第93話 白色液體的犧牲者

在貞操逆轉的世界中為所欲為 日輪篇

前一天晚上像戶外音樂節一樣鬧騰後,第二天就在原野上進行定向越野。


我正和風組的靜風聊天。

大概是因為昨晚在野外音樂節上大聲喧嘩,我們倆的聲音都沙啞了。


護衛小姐的聲音也被沙啞的聲音覆蓋了。淡路島小姐叫著我。

我正想著溪流下游好像有什麼東西,護衛小姐就突然倒下了。我急忙衝過去,卻從脖頸處傳來一陣前所未有的疼痛。


我手腳完全失去了力氣,只能任人扛著在山路上移動。

不知道是誰扛著我。但感覺得到對方只要累了就會換人,中途沒有絲毫停歇。她們像野獸一樣在山路上奔跑。


就這樣,我完全感覺不到時間的流逝,是10分鐘,還是一個小時?在山路上跑了一段後,我被扔上了一輛車的貨斗,手腳被綁住,嘴裡還被塞了像口塞一樣的東西。

過了一會兒,我明白了口塞的意義。車的貨斗顛簸得難以置信,已經到了跳躍的程度。口塞大概是為了不讓我咬到舌頭吧。


不知道開了多久,我被默默地從車上弄下來,又被扛著走了一段山路,然後被扔進了另一輛車裡。這時候,我的頭腦也恢複了過來。

換車大概是為了甩掉追兵吧。話雖如此,男性警衛員數量又多又優秀,應該很快就會追上來的。

但這種毫無根據的樂觀,隨著黃昏的天空漸漸變暗,也漸漸消失了。





現在,我被關在一個沒有窗戶、只有混凝土牆面的房間里,手腳上的繩子總算被解開了。真是的,要是肌肉壞死了該怎麼辦。


房間里的設備只有最低限度。一張發霉床墊的床,一張形同虛設的桌子,以及一把老舊的椅子。


我正坐在床邊發獃,門「咔嚓」一聲開了,一個穿著灰色衣服、一臉不爽的女人,默默地放下了飯菜。
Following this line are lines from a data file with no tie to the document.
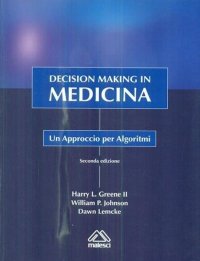 Decision Making in Medicina. Un Approccio per Algoritmi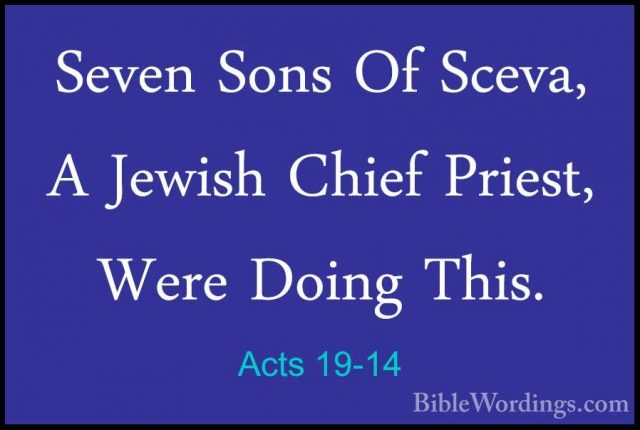 Acts 19-14 - Seven Sons Of Sceva, A Jewish Chief Priest, Were DoiSeven Sons Of Sceva, A Jewish Chief Priest, Were Doing This. 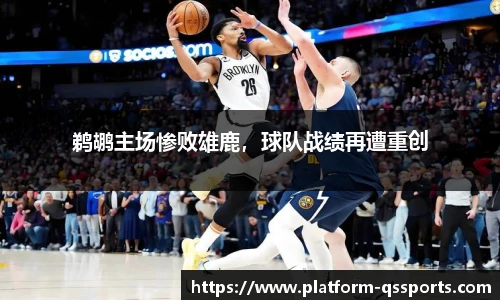 鹈鹕主场惨败雄鹿,球队战绩再遭重创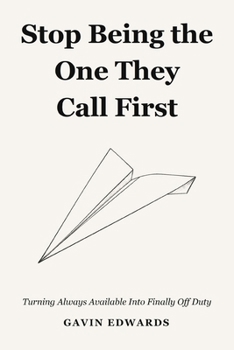 Paperback Stop Being the One They Call First: Turning Always Available Into Finally Off Duty Book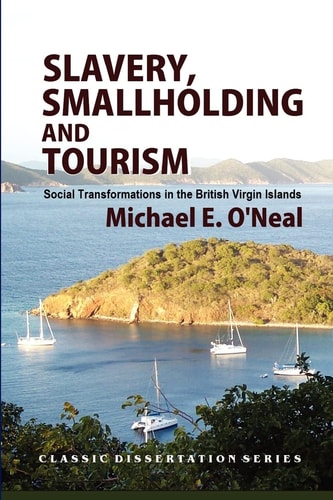 Slavery, Smallholding and Tourism Social Transformations in the British Virgin Islands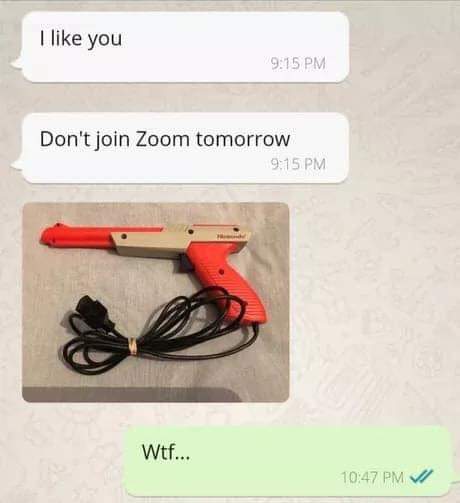 like you don t join zoom tomorrow - I you Don't join Zoom tomorrow Wtf... de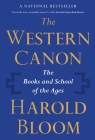 The Western Canon: The Books and School of the Ages By Harold Bloom Cover Image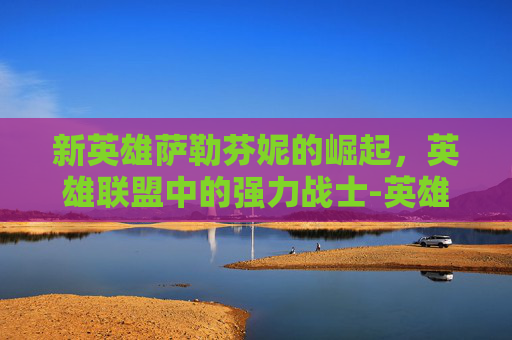 新英雄萨勒芬妮的崛起,英雄联盟中的强力战士-英雄联盟萨勒芬妮是谁 新英雄萨勒芬妮的崛起,英雄联盟中的强力战士-英雄联盟萨勒芬妮是谁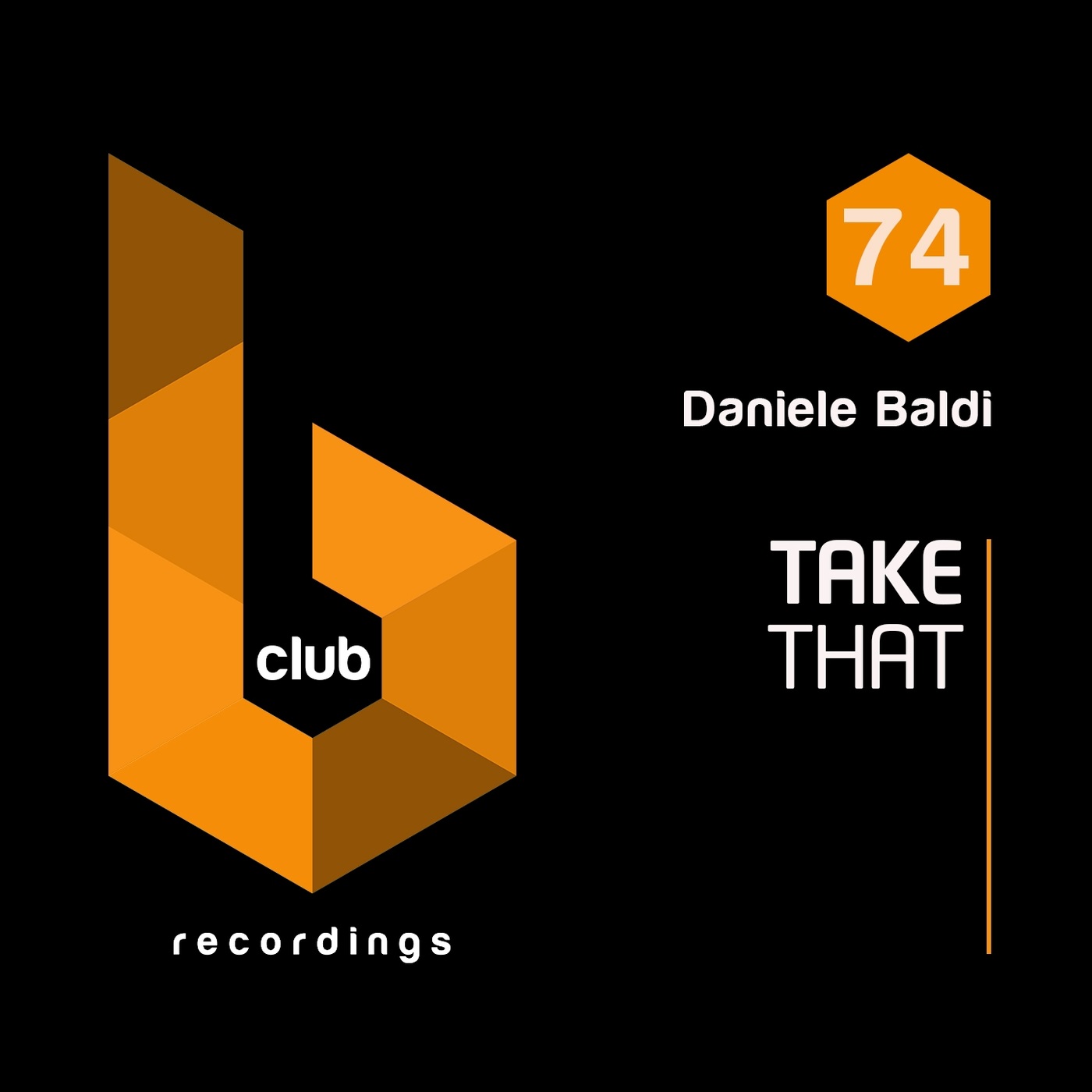 Daniele Baldi - Take That / B Club Recordings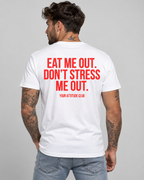 EAT ME OUT. DON’T STRESS ME OUT. – Unisex Statement T-Shirt Weiß mit rotem Backprint | freches Sprüche Shirt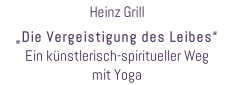 Heinz Grill  „Die Vergeistigung des Leibes“ Ein künstlerisch-spiritueller Weg  mit Yoga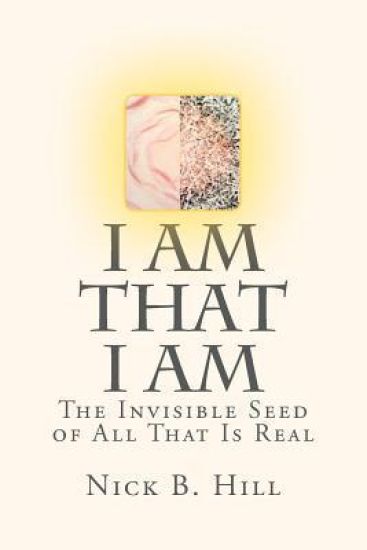 I Am That I Am: The Invisible Seed of All That Is Real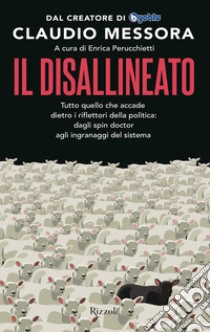 Il disallineato. Tutto quello che accade dietro i riflettori della politica: dagli spin doctor agli ingranaggi del sistema libro di Messora Claudio; Perucchietti E. (cur.)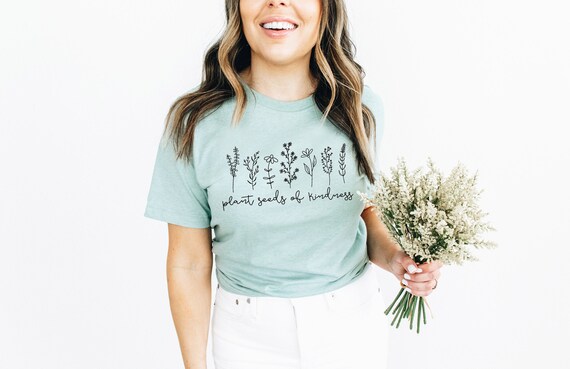 Plant Seeds of Kindness Shirt Be Kind Tee Spring Gardening - Etsy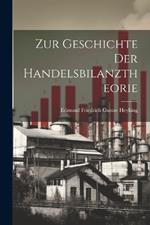 Zur Geschichte Der Handelsbilanztheorie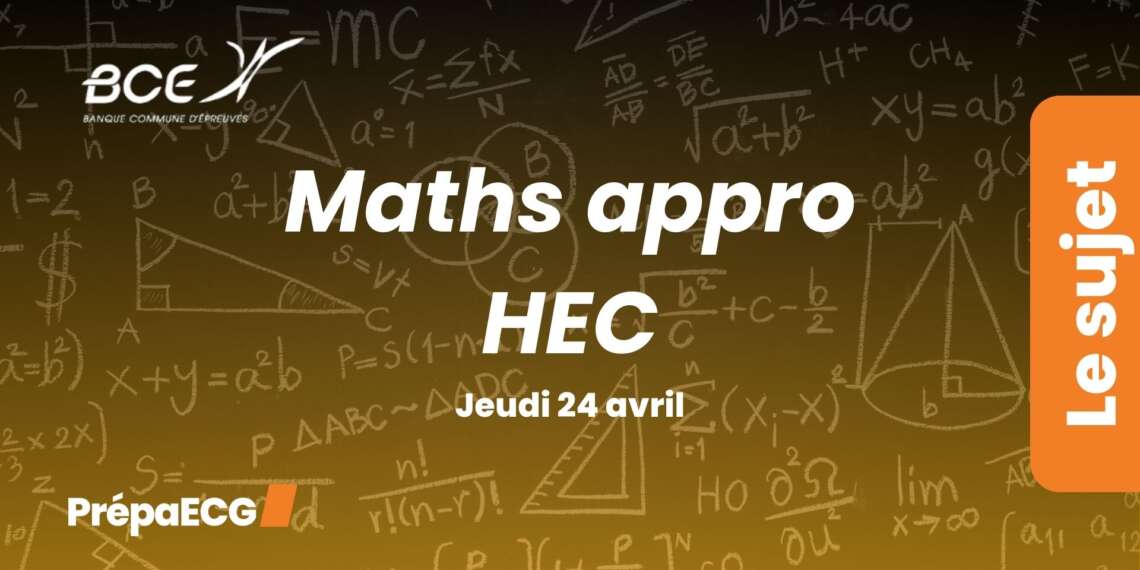 Maths approfondies HEC BCE 2025 - Sujet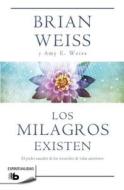 Los Milagros Existen / Miracles Happen di Brian Weiss, Amy E. Weiss edito da B de Bolsillo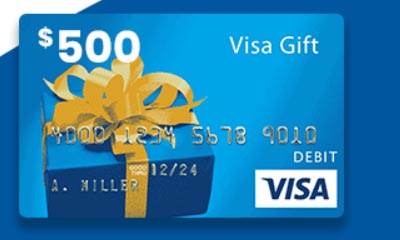 Act now! Get your $500 Visa Gift Card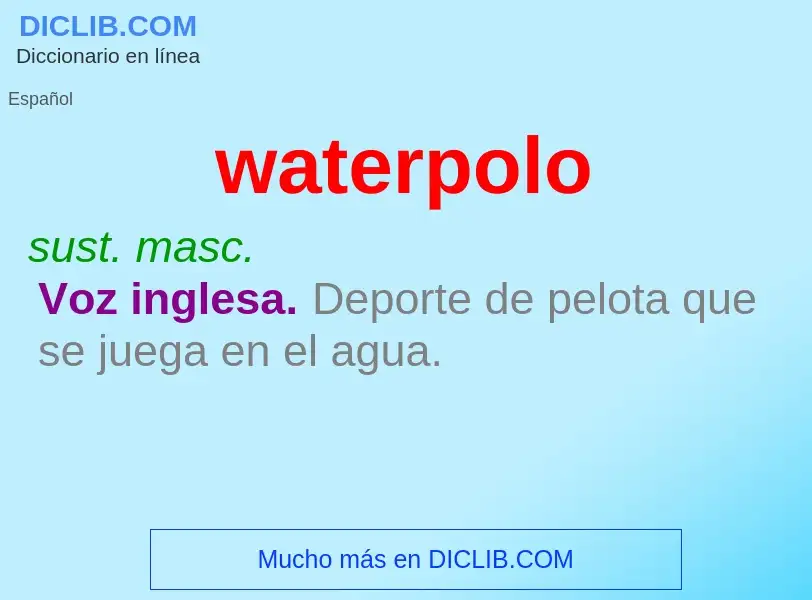 ¿Qué es waterpolo? - significado y definición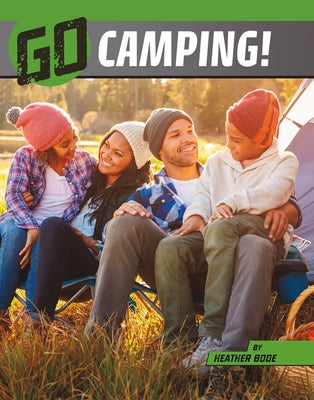 Go Camping! by Bode, Heather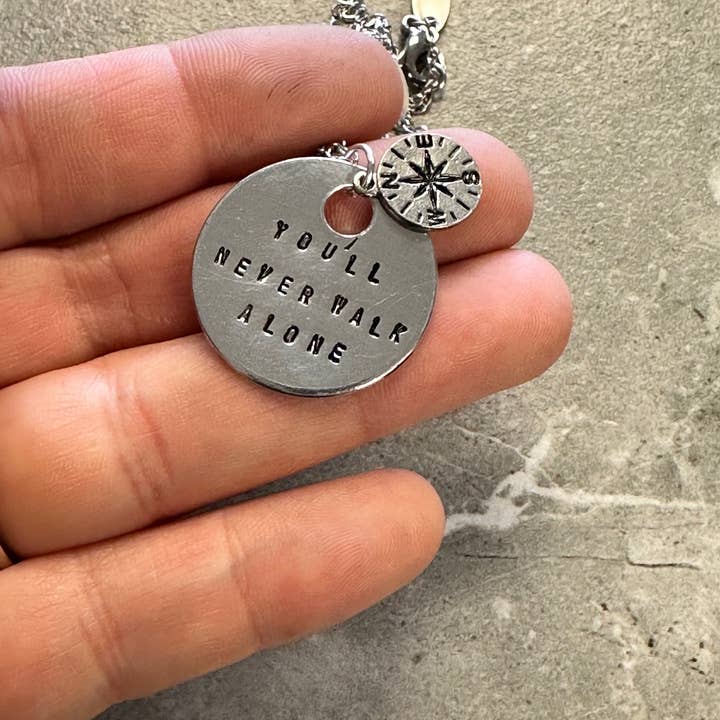 Seize The Night Designs - Wholesale Pendant/Charm Necklace - You'll Never Walk Alone - Hand Stamped Necklace1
盤子里是硬邦邦的麵包和難嚼的火腿,陶瓷杯里是水。簡直就像囚犯一樣。但多虧了飢餓這個最好的調味料,我還是吃得很香。


我被綁架後,到底過了多長時間了?


剛吃完,一個女人就進來了。大概50多歲吧。怎麼說呢,有種知識分子,或者說受過高等教育的人特有的氣質。


「怎麼樣?飯菜還合口嗎?」

「………………」

「………………」

「哎呀,您該不會以為,自己還能回去吧?」

越是這時候越不能慌,要表現出從容。


「嗯,算了。最先把您請到這裡來,也是為了吸引警衛的注意。

「……………………」

「你叫什麼陽炎來著,收集我的個人信息是你的愛好嗎?」

「哦呀,你一副聽不懂我在說什麼的表情呢。